2. Decide what you will charge for rent.

After you have gone through the financial planning stage, you should have a good idea of what your baseline financial needs are going to be. Now you need to decide what rent you will charge to meet those needs – and hopefully generate at least some income on top of that number. The challenge is setting a rental rate that meets all of your financial needs but is still competitive with other rents in your area.

Unless you are offering something exceptional which will attract renters even if the price is higher than everyone else’s, you are going to have to charge an amount that is similar to what other landlords are charging in your area for similar properties. For example, if you own a waterfront property, you'll probably be able to charge higher rent. Maybe much higher!
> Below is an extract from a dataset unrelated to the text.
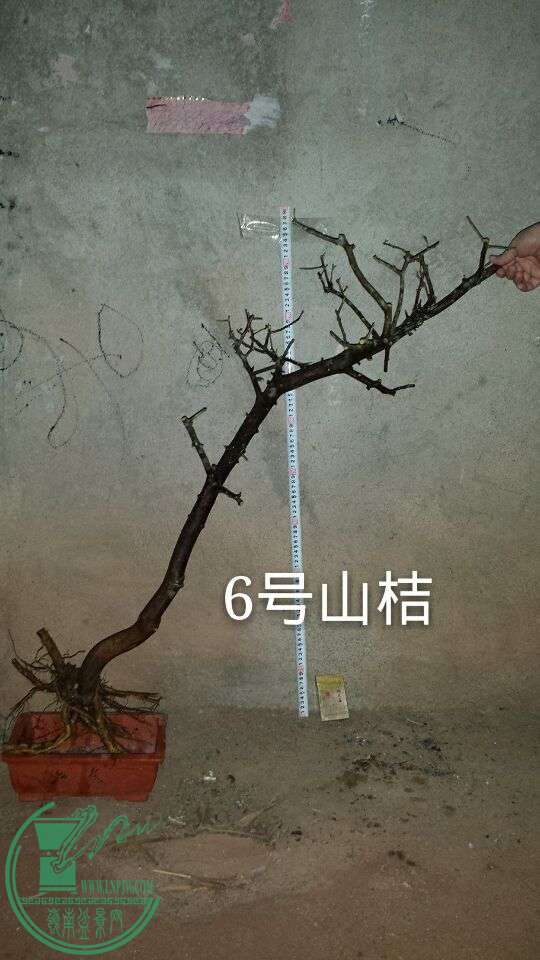 QQͼƬ20151025212014.jpg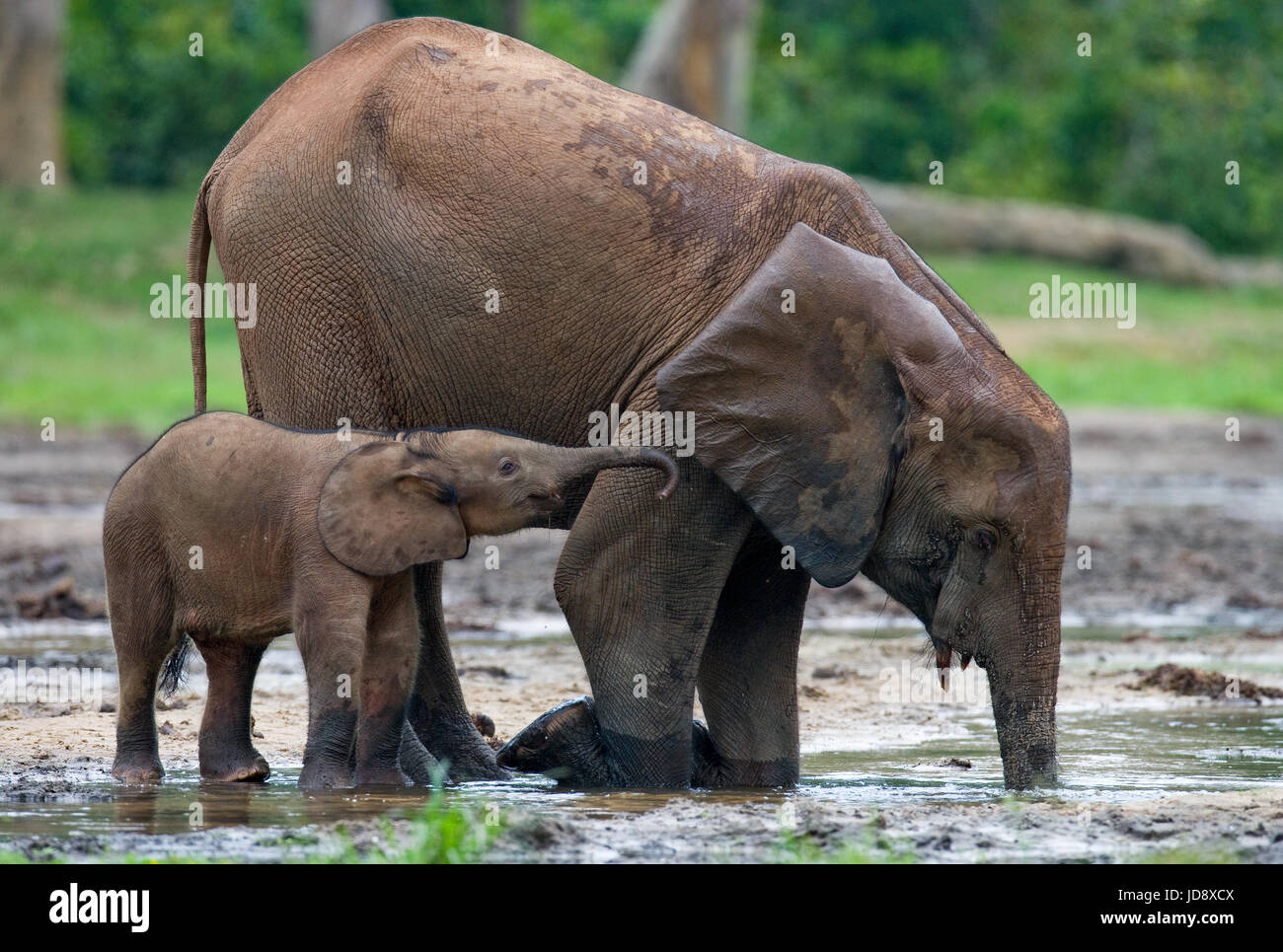 Elefant mit Baby. Zentralafrikanische Republik. Republik Kongo. Dzanga-Sangha Sonderreserve. Stockfoto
You can get a better idea of what a competitive rental rate is by researching rentals in your area. You can find lots of options online, but you will be best served by doing some legwork and looking at homes in person as well. You can take tours of properties just like any other prospective renter to get a clearer picture of what different landlords are offering renters.

You should also give some thought on whether you would consider rent to own. There may be a percentage of renters that might consider purchasing your property when the lease is over. A rent-to-own situation could work out well if you're on the fence about selling at the moment.

3. Decide how you are going to manage the property.

A rental property requires regular management. Renters are going to need help from time to time – hopefully not too often, but often enough that you have to be prepared for it. Things will break and need fixing. Sometimes items will break in the middle of the night and require immediate attention. Someone needs to check on the rental from time to time as well, just to verify that everything is as it should be.

The cheapest way to manage a property is to do it yourself. However, if you are moving hours or days away, you are not going to be in a position to manage the property. That means you will need to find someone else that you can trust to do it for you.

Usually, that means you will have to hire a property manager unless you can get a friend or family member to do it. Just remember, this is a significant investment, and you need to know that it will be appropriately managed.

It is smarter to pay a professional than to entrust the job to a friend or family member that may not do what is needed to protect your property and your renters.

4. Learn the law and write a lease.

There are probably landlord/tenant laws in your state. Whatever the laws and regulations are that apply to your situation, you need to know them and know them well to avoid making costly legal mistakes. You are unlikely to have enough time to become an expert, but you can learn the basics so that you can act with confidence concerning your property. Renters also have specific rights that you have to respect – knowing what they are will make it a lot easier to avoid mishaps.

Probably the easiest way to get a basic understanding of your legal obligations is to talk with a real estate attorney. You can also take advantage of the attorney’s time and get them to write a lease for you. If you do not want to pay for an attorney, you can find basic leases online that you can adapt to your situation.

5. Market and rent your home.

You want to attract great tenants, which means you need good marketing. Make sure the home is cleaned up and in good repair, then take photographs that make it look great. You can try doing it yourself, or you can hire a real estate photographer. Just make sure that the photos look as good as possible because the better they look, the more renters will be interested.

Just like selling a home, many landlords will also not want to deal with prospective tenants and hire a real estate agent to help with the rental. You need to figure out whether this expense is worth it to you or not. Rental fees charged by a real estate agent generally are either a half or full month's rent.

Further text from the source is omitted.